Ghislaine Maxwell's siblings take complaints about lack of bail to UN


Ghislaine Maxwell's siblings filed a complaint to the United Nations on Monday, condemning a judge's repeated rejections to grant her bail, NBC reports.

Maxwell's brothers and sisters called her pre-trial detention an act of "unprecedented discrimination" and accused U.S. authorities of crossing the "narrow line between justice and revenge."

They filed a complaint with the U.N.'s Working Group on Arbitrary Detention and said that Maxwell has been "presumed guilty, convicted and demonized before any trial," per NBC.

"This is unprecedented discrimination, the like of which has never seen before: All her applications for bail have been rejected, with no regard for the security offered," according to a statement from lawyers for the family Francois Zimeray and Jessica Finelle.

Maxwell, who is accused of aiding Jeffrey Epstein in his sex trafficking of minors, was denied bail for the fifth time in June this year after being deemed a "flight risk."
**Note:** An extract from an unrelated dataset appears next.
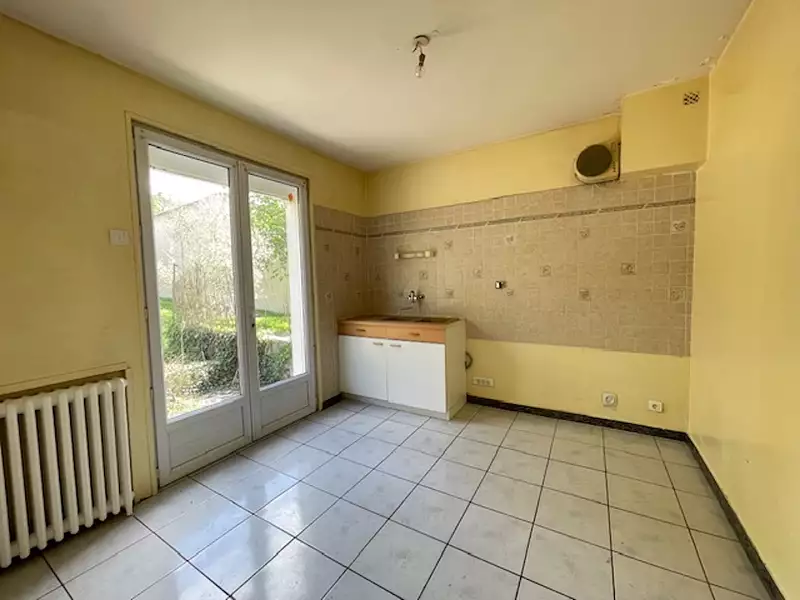 Maison, 92 m²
"It is as if Ghislaine Maxwell is suffering the consequences for the failure of the U.S. Administration to preserve the life of Jeffrey Epstein and secure his appearance at trial," the statement said, per NBC.

Earlier this month, her lawyer claimed that her jail conditions are similar to what fictional character Hannibal Lecter experienced in the 1991 film "The Silence of the Lambs."

Maxwell's attorney Bobbi Sternheim requested that she be released from jail before her trial, in a letter to U.S. District Court Judge Alison Nathan.

The FBI arrested Maxwell in July of last year. She was charged with four counts of conspiring "to entice minors to travel to engage in illegal sex acts" during the 1990s as well as two counts of perjury.

She is alleged to have helped traffic young women and underage girls for Epstein, who killed himself in prison in 2019 in New York while awaiting trial.

Maxwell has also been accused of sexually abusing girls as young as 15 and faces an eight-count indictment for her alleged role. She has denied the charges.

The U.S. Attorney for the Southern District of New York did not immediately respond to The Hill's request for comment.